J.P. Morgan Chase to Pay Enron Investors $2.2 Billion

J. P. Morgan Chase announced last night that it had agreed to pay $2.2 billion to Enron investors who accused the bank of participating in the accounting scandal that led to Enron’s collapse.

The agreement came just days after Citigroup reached a $2 billion settlement. While the settlements with two of Enron’s biggest lenders closes one chapter, other investment banks – including Merrill Lynch and Credit Suisse First Boston – still face claims from investors.

Combined with earlier settlements, the pool available to compensate investors who lost billions as Enron tumbled into bankruptcy in 2001 has grown to $4.7 billion and could eventually surpass the $6.13 billion that Wall Street firms have agreed to pay WorldCom investors.

J. P. Morgan Chase clearly rushed to the negotiating table after the Citigroup settlement. That stands in sharp contrast to the WorldCom shareholder lawsuit in March, when J. P. Morgan Chase waited until the night before the trial to settle, agreeing to pay $2 billion to investors. Had it quickly followed Citigroup, which settled a year ago for $2.575 billion, J. P. Morgan Chase may have gotten away paying $1.4 billion in that case.

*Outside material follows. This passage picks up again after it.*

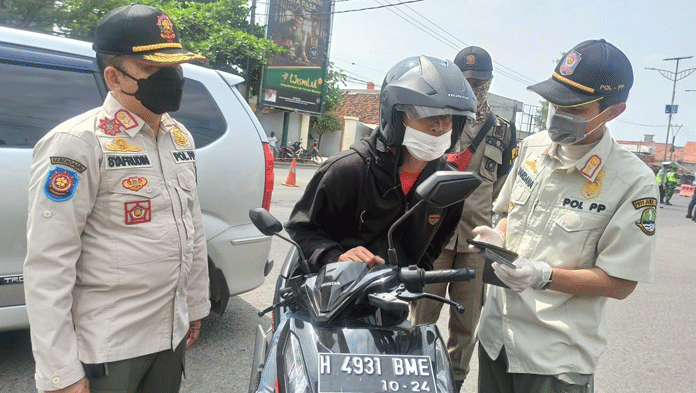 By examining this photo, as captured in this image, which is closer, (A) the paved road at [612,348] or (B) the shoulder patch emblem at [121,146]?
(B) the shoulder patch emblem at [121,146]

“The WorldCom settlement was a disaster for J. P. Morgan,” said Tim Ghriskey at money-management firm Solaris Asset Management in New York. “No one on the Street wants to see a repeat of that.”

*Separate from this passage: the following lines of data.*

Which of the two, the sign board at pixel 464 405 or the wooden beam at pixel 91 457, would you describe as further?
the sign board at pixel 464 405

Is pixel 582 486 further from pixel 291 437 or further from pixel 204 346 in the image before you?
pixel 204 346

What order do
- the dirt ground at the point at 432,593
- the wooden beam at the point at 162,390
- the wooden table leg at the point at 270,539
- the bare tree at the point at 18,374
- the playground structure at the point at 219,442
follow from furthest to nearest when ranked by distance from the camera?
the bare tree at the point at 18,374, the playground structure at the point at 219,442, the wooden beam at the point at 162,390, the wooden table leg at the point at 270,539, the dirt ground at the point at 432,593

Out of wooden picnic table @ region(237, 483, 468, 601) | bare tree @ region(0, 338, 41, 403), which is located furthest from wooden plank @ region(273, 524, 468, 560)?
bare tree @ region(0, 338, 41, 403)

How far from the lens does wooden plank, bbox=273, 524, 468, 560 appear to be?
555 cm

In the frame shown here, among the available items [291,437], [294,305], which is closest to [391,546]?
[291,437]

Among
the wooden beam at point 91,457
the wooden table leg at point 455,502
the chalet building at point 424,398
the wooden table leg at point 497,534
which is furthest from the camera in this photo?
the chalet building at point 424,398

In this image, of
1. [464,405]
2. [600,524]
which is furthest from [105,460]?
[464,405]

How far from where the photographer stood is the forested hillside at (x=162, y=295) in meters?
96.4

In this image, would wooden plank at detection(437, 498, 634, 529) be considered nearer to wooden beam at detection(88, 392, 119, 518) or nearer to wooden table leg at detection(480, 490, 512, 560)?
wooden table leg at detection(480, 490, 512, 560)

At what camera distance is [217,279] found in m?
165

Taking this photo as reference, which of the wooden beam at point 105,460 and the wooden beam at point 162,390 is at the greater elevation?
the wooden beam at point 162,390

J. P. Morgan Chase also said yesterday it would take a $2 billion charge before taxes, or $1.25 billion after taxes, in the second quarter, in part to cover costs associated with the settlement as well as other potential lawsuits. The bank’s legal reserves stand at about $3.6 billion. The firm said insurance would not cover any portion of the settlement.

“By settling this case and increasing reserves for our remaining legal issues, the firm can better focus its energies on building our great company and serving our clients and shareholders,” William B. Harrison Jr., the chief executive of J. P. Morgan Chase, said in a statement. The bank did not admit wrongdoing in agreeing to settle.

J. P. Morgan has struggled in the last year, underperforming most rivals as it continues to slash costs and merge operations after the $58 billion merger with Bank One last year.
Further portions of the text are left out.